Instructions to follow:
Copy exactly the stretch of data below from the line with "Luxus Chesterfield Canapé-Garnitur" through the line with "Robe bohème sans", including both of those lines.

Data for processing:
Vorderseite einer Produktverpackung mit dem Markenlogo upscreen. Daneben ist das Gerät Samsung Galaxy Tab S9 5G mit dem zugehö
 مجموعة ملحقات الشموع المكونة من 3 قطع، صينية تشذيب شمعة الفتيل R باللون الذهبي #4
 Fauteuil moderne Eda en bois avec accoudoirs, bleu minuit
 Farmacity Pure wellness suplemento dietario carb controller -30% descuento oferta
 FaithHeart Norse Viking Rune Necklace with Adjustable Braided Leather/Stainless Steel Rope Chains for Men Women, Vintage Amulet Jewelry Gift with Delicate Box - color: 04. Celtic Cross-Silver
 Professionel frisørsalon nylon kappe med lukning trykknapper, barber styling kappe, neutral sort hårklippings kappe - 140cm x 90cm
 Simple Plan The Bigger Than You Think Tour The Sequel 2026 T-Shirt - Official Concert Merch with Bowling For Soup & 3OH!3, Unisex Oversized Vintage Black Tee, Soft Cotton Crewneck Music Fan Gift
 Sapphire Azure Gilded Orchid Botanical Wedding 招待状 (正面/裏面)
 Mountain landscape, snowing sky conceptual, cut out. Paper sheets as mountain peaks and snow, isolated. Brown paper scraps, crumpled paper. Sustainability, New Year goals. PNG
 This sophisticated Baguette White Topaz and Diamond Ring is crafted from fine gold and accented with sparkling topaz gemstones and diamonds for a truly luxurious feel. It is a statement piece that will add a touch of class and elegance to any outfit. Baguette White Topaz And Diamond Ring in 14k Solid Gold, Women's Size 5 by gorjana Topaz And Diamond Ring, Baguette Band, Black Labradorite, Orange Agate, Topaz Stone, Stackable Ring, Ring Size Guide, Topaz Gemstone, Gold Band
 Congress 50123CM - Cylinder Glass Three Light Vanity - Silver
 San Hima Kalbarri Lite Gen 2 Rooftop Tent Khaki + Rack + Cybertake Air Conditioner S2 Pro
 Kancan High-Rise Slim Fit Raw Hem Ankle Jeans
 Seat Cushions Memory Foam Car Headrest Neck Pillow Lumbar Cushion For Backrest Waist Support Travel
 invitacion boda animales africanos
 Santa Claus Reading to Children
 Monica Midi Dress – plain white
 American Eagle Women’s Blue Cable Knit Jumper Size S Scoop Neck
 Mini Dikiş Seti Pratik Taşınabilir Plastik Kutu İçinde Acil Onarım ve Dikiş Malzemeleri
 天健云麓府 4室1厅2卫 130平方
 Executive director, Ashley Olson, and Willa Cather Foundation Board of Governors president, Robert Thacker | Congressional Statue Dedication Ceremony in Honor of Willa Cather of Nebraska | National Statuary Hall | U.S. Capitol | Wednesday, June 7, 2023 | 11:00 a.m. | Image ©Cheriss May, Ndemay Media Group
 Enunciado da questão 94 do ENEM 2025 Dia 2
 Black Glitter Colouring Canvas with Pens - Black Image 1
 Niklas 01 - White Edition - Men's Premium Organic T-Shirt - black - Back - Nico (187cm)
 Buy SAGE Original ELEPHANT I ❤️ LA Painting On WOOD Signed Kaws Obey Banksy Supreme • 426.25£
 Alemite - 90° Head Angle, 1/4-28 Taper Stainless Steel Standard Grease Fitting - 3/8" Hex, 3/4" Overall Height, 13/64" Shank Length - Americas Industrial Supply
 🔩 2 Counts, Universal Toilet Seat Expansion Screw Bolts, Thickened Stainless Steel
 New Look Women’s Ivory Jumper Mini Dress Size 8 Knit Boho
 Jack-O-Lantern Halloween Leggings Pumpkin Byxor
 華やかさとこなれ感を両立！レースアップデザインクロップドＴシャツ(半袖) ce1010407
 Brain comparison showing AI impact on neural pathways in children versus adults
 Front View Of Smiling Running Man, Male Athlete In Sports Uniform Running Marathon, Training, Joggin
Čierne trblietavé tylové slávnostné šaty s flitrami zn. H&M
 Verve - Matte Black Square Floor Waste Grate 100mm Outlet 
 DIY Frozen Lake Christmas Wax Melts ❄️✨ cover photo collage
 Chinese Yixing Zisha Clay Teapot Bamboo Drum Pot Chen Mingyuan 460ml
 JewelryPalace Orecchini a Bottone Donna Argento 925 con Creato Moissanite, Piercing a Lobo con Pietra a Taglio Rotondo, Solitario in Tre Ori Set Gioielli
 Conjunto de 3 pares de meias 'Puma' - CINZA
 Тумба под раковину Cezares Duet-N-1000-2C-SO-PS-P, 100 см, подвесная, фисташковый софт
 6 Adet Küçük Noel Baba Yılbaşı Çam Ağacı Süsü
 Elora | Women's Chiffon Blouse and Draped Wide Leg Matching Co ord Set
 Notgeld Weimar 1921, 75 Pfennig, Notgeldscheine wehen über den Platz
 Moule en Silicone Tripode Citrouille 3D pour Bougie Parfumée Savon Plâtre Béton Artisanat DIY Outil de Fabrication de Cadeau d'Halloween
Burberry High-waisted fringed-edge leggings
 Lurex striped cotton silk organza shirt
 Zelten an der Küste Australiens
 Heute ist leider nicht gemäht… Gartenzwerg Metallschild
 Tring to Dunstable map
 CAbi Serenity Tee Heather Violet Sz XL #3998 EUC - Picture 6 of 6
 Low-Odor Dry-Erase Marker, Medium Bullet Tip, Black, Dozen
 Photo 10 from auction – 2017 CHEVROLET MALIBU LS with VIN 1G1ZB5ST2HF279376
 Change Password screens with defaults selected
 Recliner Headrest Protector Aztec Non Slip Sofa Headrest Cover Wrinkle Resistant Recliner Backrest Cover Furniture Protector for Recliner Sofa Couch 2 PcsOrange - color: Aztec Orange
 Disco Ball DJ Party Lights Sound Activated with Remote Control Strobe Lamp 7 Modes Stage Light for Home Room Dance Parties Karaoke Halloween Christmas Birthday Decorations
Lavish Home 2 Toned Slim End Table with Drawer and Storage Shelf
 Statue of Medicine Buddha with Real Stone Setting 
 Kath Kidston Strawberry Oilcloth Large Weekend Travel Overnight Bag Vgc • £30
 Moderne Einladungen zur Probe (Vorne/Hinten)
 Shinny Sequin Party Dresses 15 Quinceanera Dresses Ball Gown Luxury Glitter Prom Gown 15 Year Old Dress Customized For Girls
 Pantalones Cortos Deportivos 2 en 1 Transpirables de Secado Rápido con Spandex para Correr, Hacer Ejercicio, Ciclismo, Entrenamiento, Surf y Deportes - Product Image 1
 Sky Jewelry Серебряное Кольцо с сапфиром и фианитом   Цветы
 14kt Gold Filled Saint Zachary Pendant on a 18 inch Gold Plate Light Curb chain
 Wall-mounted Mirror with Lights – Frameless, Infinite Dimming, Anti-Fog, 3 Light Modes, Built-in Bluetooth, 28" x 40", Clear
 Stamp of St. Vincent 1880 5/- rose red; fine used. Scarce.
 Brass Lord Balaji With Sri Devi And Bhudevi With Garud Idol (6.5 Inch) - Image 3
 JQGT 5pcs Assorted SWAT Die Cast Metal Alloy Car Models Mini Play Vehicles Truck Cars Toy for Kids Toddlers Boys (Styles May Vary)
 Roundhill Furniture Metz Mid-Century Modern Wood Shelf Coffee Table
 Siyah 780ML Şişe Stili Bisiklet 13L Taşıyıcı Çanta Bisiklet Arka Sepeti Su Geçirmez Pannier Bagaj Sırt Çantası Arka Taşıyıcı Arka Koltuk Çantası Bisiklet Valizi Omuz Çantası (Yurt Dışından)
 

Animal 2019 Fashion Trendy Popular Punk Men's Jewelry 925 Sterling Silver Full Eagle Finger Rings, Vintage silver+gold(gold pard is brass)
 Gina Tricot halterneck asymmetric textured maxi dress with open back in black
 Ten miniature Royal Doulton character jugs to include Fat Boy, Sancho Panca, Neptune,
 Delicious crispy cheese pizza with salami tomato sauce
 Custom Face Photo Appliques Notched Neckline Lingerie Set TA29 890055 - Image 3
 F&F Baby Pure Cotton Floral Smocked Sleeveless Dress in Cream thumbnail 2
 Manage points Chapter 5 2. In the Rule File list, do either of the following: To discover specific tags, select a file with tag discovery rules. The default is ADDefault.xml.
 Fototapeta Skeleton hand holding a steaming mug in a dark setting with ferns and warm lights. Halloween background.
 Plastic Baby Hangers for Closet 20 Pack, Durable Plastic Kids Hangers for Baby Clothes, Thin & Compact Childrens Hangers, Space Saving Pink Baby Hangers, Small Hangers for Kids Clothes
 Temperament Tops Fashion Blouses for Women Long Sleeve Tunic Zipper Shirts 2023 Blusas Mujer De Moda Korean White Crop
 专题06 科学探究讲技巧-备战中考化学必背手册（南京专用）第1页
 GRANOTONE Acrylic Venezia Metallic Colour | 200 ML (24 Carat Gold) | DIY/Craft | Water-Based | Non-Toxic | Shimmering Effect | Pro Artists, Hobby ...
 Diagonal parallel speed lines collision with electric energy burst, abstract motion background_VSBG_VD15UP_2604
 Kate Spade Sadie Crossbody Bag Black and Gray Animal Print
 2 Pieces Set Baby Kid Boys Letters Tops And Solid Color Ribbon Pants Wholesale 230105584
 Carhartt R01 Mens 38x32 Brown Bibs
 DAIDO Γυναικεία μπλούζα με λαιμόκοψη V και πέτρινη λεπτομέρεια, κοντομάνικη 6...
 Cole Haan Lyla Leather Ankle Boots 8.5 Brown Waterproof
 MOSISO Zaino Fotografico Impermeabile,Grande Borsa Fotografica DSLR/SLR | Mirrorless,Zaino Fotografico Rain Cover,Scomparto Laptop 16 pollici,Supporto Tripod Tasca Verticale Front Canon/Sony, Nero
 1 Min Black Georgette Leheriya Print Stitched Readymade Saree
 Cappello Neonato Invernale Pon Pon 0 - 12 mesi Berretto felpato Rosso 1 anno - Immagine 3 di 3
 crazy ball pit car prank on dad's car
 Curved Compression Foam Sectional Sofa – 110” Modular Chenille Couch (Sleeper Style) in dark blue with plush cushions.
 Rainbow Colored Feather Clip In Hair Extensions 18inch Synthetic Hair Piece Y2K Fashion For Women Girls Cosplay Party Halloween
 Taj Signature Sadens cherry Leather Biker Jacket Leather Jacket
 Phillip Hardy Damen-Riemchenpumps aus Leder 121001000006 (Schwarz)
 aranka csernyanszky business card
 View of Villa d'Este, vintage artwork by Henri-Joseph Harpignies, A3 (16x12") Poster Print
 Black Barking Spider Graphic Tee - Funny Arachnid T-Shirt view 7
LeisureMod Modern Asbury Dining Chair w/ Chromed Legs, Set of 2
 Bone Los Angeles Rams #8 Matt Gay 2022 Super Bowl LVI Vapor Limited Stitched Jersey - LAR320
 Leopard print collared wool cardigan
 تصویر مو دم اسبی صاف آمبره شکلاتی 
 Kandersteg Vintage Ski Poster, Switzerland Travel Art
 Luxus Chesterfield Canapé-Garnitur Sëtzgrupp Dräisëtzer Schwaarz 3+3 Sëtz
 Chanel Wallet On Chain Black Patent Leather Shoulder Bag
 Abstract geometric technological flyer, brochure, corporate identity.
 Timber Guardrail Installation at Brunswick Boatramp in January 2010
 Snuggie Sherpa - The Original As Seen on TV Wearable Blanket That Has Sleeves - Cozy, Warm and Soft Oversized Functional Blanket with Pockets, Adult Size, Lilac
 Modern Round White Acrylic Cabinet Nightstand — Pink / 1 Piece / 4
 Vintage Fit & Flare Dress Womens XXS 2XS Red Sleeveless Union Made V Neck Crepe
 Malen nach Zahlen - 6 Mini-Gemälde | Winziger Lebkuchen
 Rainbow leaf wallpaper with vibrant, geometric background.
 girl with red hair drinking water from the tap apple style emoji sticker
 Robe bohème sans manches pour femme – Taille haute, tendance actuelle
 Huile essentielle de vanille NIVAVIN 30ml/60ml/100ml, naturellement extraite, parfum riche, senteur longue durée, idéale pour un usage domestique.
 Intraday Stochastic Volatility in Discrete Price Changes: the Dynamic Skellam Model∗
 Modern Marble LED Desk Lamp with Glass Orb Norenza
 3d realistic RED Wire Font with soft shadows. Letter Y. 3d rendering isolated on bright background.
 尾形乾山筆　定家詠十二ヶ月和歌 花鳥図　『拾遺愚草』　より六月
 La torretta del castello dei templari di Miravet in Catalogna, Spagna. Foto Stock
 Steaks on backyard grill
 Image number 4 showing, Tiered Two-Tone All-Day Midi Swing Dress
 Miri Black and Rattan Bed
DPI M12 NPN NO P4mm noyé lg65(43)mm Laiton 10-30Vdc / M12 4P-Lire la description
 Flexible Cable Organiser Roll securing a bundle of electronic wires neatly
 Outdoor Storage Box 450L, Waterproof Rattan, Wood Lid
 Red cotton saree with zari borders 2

Exercise output:
 Luxus Chesterfield Canapé-Garnitur Sëtzgrupp Dräisëtzer Schwaarz 3+3 Sëtz
 Chanel Wallet On Chain Black Patent Leather Shoulder Bag
 Abstract geometric technological flyer, brochure, corporate identity.
 Timber Guardrail Installation at Brunswick Boatramp in January 2010
 Snuggie Sherpa - The Original As Seen on TV Wearable Blanket That Has Sleeves - Cozy, Warm and Soft Oversized Functional Blanket with Pockets, Adult Size, Lilac
 Modern Round White Acrylic Cabinet Nightstand — Pink / 1 Piece / 4
 Vintage Fit & Flare Dress Womens XXS 2XS Red Sleeveless Union Made V Neck Crepe
 Malen nach Zahlen - 6 Mini-Gemälde | Winziger Lebkuchen
 Rainbow leaf wallpaper with vibrant, geometric background.
 girl with red hair drinking water from the tap apple style emoji sticker
 Robe bohème sans manches pour femme – Taille haute, tendance actuelle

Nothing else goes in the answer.